In general, in one aspect, embodiments related to a system for a novel 3D pore surface roughness quantification are disclosed. The system includes a micro-computed tomography system configured to obtain a 3D image of a pore space, and an image analysis system configured to: discretize the 3D image to generate a meshed surface; construct, using parametric functions, a reference surface and a constructed surface from the meshed surface, wherein the reference surface preserves a smoother shape of the pore space than the constructed surface; evaluate, using the reference surface and the constructed surface, a plurality of surface distances, wherein the plurality comprises a surface distance for each mesh point; and determine, using the plurality of surface distances, a roughness coefficient.
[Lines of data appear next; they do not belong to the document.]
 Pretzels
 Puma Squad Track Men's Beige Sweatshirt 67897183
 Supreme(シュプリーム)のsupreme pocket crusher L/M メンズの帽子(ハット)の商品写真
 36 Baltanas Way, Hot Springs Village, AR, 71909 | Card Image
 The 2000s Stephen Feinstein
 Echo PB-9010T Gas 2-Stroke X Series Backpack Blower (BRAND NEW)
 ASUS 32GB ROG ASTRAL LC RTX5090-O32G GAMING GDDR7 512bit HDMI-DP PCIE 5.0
The system further includes a NMR well logging tool configured to obtain an observed T2 time for at least one sample depth in a well, and a well log analysis system configured to: determine, using the roughness coefficient, a corrected T2 time from the observed T2 time; and determine, using the corrected T2 time, an average pore size in a rock formation.


Other aspects and advantages of the claimed subject matter will be apparent from the following description and the appended claims.





BRIEF DESCRIPTION OF DRAWINGS

Specific embodiments of the disclosed technology will now be described in detail with reference to the accompanying figures. Like elements in the various figures are denoted by like reference numerals for consistency.



FIG. 1 shows an NMR-logging system and associated magnetic fields, in accordance with one or more embodiments.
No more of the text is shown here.